Angesichts der turbokapitalistischen Zeiten, in denen wir leben, ist der Tag der Arbeit heute wichtiger denn je. Wir leben in einer Zeit, in der Arbeitnehmerinnen und Arbeitnehmer trotz einer Vollzeitstelle aufstocken gehen müssen.

aus dem Wortprotokoll

78. Sitzung
Aktuelle Stunde

Ich komme nun zur

lfd. Nr. 1:

Aktuelle Stunde

gemäß § 52 der Geschäftsordnung
des Abgeordnetenhauses von Berlin

„Myfest schafft Perspektive für einen friedlichen 1. Mai 2016 in Berlin“

(auf Antrag der Fraktion der CDU)

in Verbindung mit

lfd. Nr. 21:

Myfest 2016 ermöglichen

Antrag der Fraktion Bündnis 90/Die Grünen, der Fraktion Die Linke und der Piratenfraktion
Drucksache 17/2763

Ich habe den Antrag der Oppositionsfraktionen Drucksache 17/2763 vorab an den Ausschuss für Inneres, Sicherheit und Ordnung überwiesen und darf Ihre nachträgliche Zustimmung feststellen.

Für die Besprechung der Aktuellen Stunde und die Beratung des Tagesordnungspunktes 21 steht den Fraktionen jeweils eine Redezeit von bis zu zehn Minuten zur Verfügung, die auf zwei Redebeiträge aufgeteilt werden kann.

Präsident Ralf Wieland:

Danke schön! – Für die Fraktion Die Linke hat jetzt der Kollege Taş das Wort – bitte schön!

Hakan Taş (LINKE):

Sehr geehrter Herr Präsident! Liebe Kolleginnen und Kollegen! Ich bin heute eigentlich davon ausgegangen, dass Herr Wansner über den 1. Mai redet. Dann wäre es ein bisschen Karneval, aber der Karnevalist scheint heute nicht da zu sein. Das ist vielleicht auch gut so.

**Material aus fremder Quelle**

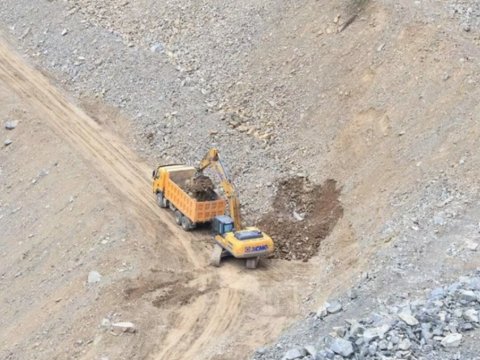 Ermənistan sərhəddə yeni yol çəkir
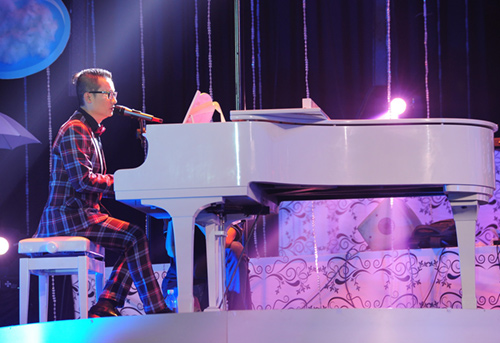 Mẹ chồng Tây tháp tùng Đoan Trang đi diễn - 9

Wir reden heute über etwas Ernsthaftes, nämlich über den Tag der Arbeit. Der Tag der Arbeit gehört zu den wichtigsten Feiertagen mit politischem Charakter. Wie an keinem anderen Tag wird am 1. Mai über die Prekarisierung der Arbeitsverhältnisse, den Wert der Arbeit an sich und über Möglichkeiten zur Verbesserung der Arbeitsbedingungen der Menschen diskutiert. Wie es sich für einen Feiertag gehört, werden auch die Errungenschaften der Arbeiterbewegung gefeiert. Es ist ein schöner Tag mit einer wichtigen politischen Botschaft. Angesichts der turbokapitalistischen Zeiten, in denen wir leben, ist der Tag der Arbeit heute wichtiger denn je. Wir leben in einer Zeit, in der Arbeitnehmerinnen und Arbeitnehmer trotz einer Vollzeitstelle aufstocken gehen müssen. Wir leben in einer Zeit, in der die Rechte der Beschäftigten kontinuierlich beschnitten werden. Wir leben in einer Zeit, in der die Stammbelegschaften immer wieder gegen Leiharbeiter und -arbeiterinnen ausgespielt werden. Wir leben in einer Zeit, in der 45 volle Erwerbsjahre oftmals nicht mehr ausreichen, um ein würdiges Leben im Alter zu führen. Wir leben in einer Zeit, in der ein Stundenlohn von 8,50 Euro als Triumph der Arbeiterbewegung verkauft wird, ja, liebe Kolleginnen und Kollegen, wir leben in einer Zeit, in der die arbeitende und arbeitslose Bevölkerung in Deutschland von der Politik stiefmütterlich behandelt wird. Insofern sind Kundgebungen, Proteste und Feierlichkeiten zu diesem Thema eine wichtige Auseinandersetzung mit der aktuellen politischen Entwicklung. Wir brauchen diese Feierlichkeiten, weil sie eine wichtige und akute gesellschaftliche Herausforderung in den Mittelpunkt rücken.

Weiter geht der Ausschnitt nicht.